Graduate students Ashley Boyd, Amy Senta win AERA award

School of Education graduate students Ashley Boyd and Amy Senta won an award at the annual conference of the American Educational Research Association for a paper they wrote together. Boyd and Senta won the Graduate Student Research Excellence Award from the AERA’s Media, Culture and Curriculum special interest group. The AERA conference was held earlier this month in Philadelphia. The paper is entitled “Toward Structural Attribution: Using Dètournement with Preservice Teachers to Challenge the Teacher Savior Myth.” More details about the award are available here.

Doctoral student Justin Garwood wins fellowship

Justin Garwood, a third-year Ph.D. student in the early childhood, special education, and literacy specialization area, has been awarded a Dissertation Completion Fellowship from Carolina’s Graduate School. Garwood, who is doing research on classroom management techniques, will receive a $16,000 stipend to use during the 2014-15 academic year. The award is designed to allow recipients to devote full-time effort to completing their dissertations.

Alumnus Michael Ortiz given UNC-Chapel Hill Latina/o Alumnus Award

Michael Ortiz (Ph.D. ’81), president of California State Polytechnic University, has been awarded the 2014 Latina/o Alumnus Award from the Carolina Latina/o Collaborative. The award was presented to Ortiz at the Fifth Annual Latina/o Alumni Reunion dinner on April 4. Ortiz received his Ph.D. in early childhood special education from UNC’s School of Education. He obtained his bachelor’s and master’s degrees from the University of New Mexico. He has been president of Cal Poly Pomona since 2003.

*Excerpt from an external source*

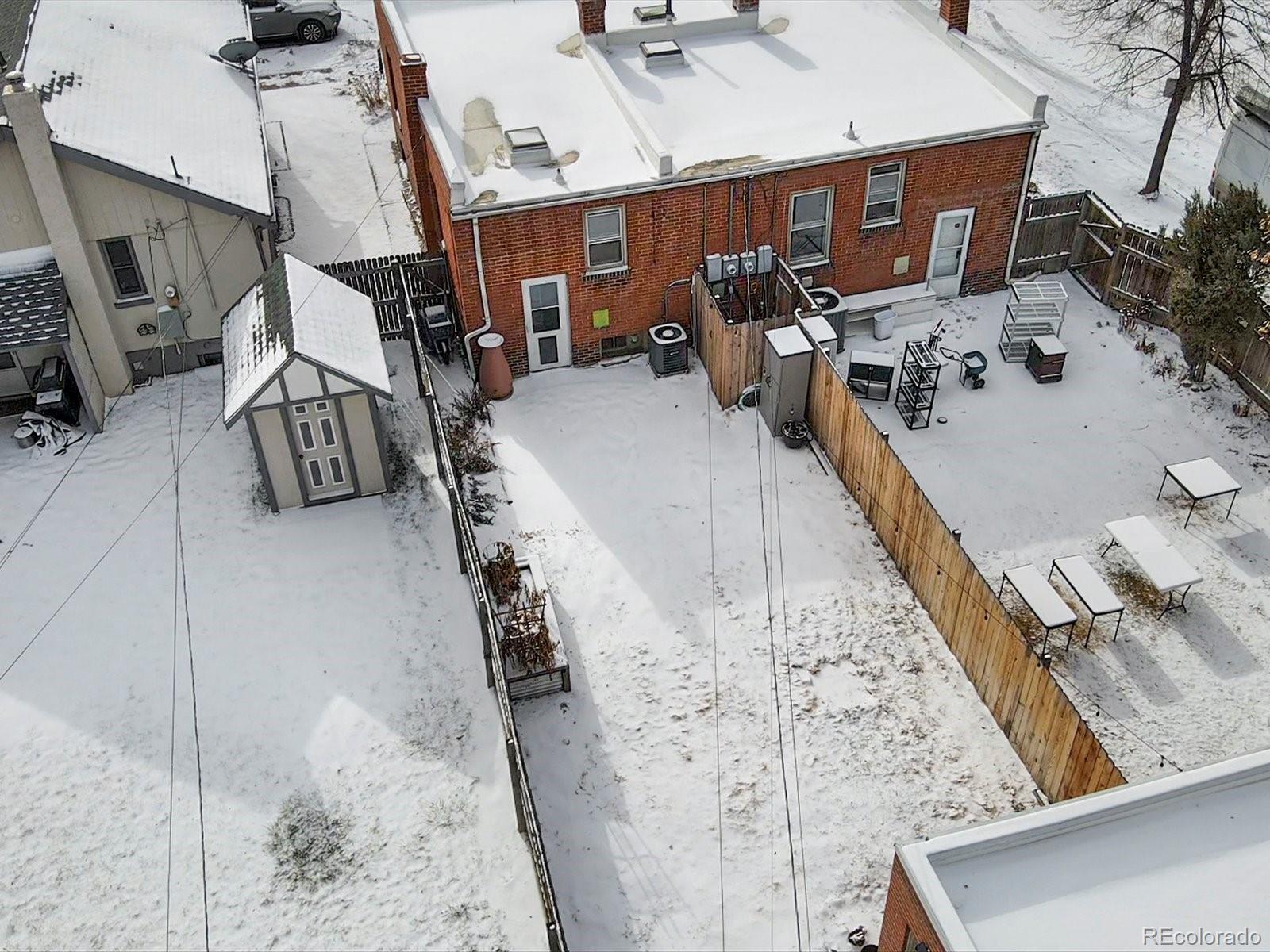 185 W Archer Place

Lynne Vernon-Feagans making presentations

Lynne Vernon-Feagans, the William C. Friday Distinguished Professor of Early Childhood, Intervention and Literacy, has been making presentations across the country. She served as the keynote speaker at the third biennial Children, Youth and Families Summit on Research in Early Childhood on April 10 at in Lincoln, Neb. Sponsors of the summit were the Nebraska Center for Research on Children, Youth, Families and Schools, the Buffett Early Childhood Institute and First Five Nebraska at the University of Nebraska. She and graduate student Beth Cutrer are presenting at the Blueprints Conference in Denver Colorado on Wednesday. The conference highlights researched-based programs that have been endorsed by the Annie E. Casey Foundation. The Targeted Reading Intervention, developed by Vernon-Feagans, is one of those programs. The title of the symposium workshop is “The Targeted Reading Intervention: A Cost Effective Classroom Teacher Tool to Prevent Reading Failure in Struggling Readers in Early Elementary School.”

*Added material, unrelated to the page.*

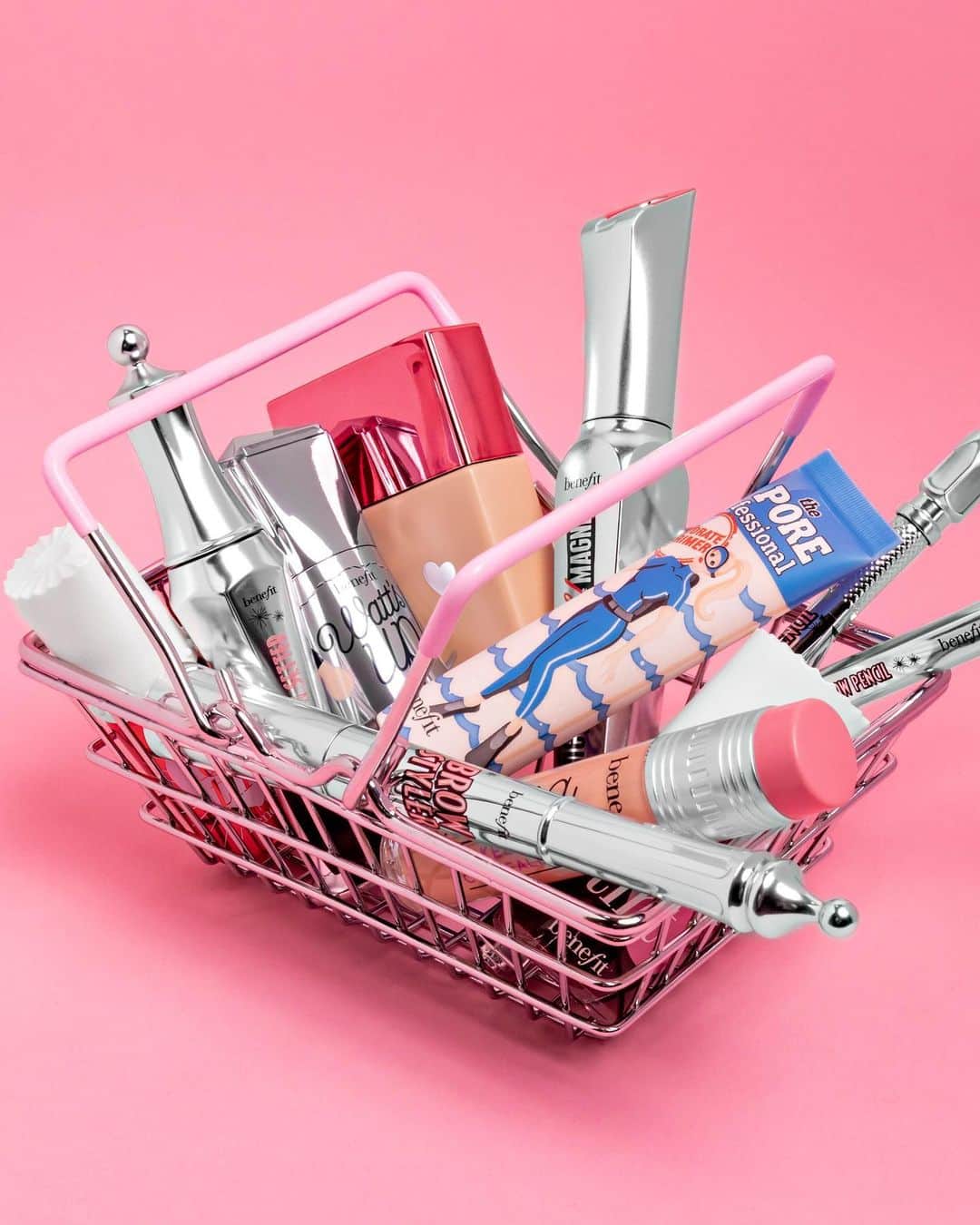 Benefit Cosmeticsのインスタグラム：「LAST thing you bought?! Let us know in the comments below 👇🏽🙈 Our answer’s probably pretty obvious 😘 #benefit」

Fede, Pennell presenting in LGBTQ Center speaker series

School of Education graduate students Bryan Fede and Summer Pennell will make a presentation later this month as part of the Graduate Speaker Series sponsored by UNC’s LGBTQ Center. The Graduate Speaker Series is intended to share the work of graduate and professional students conducting research related to sexual orientation, gender identity, and gender expression. Fede and Pennell will make a presentation entitled "Queering Math Class: Critical Math and Queer Pedagogy in Middle School" on April 24 at noon in the Student Union, Room 2422. The presentation will discuss how critical math and queer pedagogy can be used together in a math curriculum, and in particular how Fede and Pennell are conceptualizing combining these frameworks in a middle school classroom. They will also discuss how this can enable teachers to incorporate social justice in math instruction. The Graduate Speaker Series, which is co-sponsored by the Graduate & Professional Student Federation, The Graduate School, and the Program in Sexuality Studies, is open to all. Attendees are encourage to bring their lunch.

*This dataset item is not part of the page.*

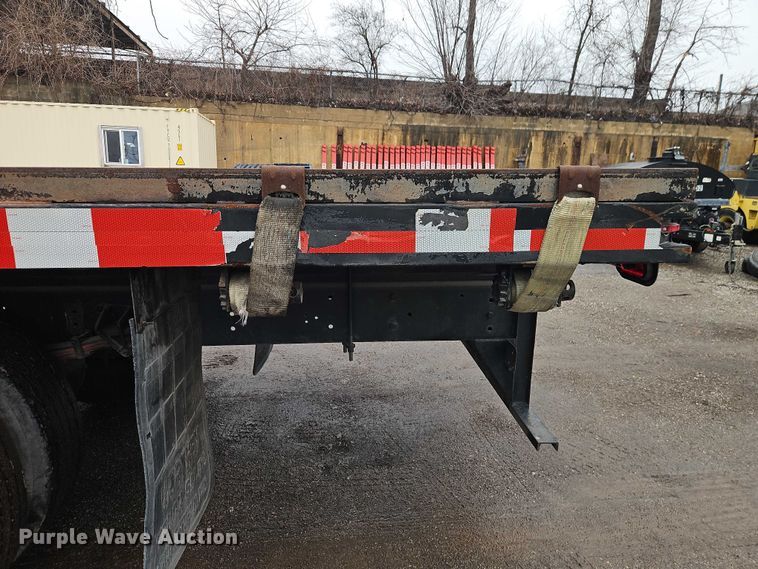 image for item EO7065 2009 International 4300 flatbed truck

Kelly Ryoo co-author of paper published in Science

Kelly Ryoo, assistant professor of learning sciences, is a co-author of a paper that has been published in the journal Science. The paper – entitled "Computer-Guided Inquiry to Improve Science Learning" – examines tech-based tools that can be used to more fully engage students in STEM courses. The paper looks at new algorithms that allow automatic scoring of student essays and drawings and to offer personalized advice to students. The paper is available here.

Other Recent Publications

Jeffery Greene, associate professor of learning science, and doctoral students Seung Yu and Dana Copeland have had their paper entitled “Measuring critical components of digital literacy and their relationships” published in the journal Computers & Education. The abstract and article are available here.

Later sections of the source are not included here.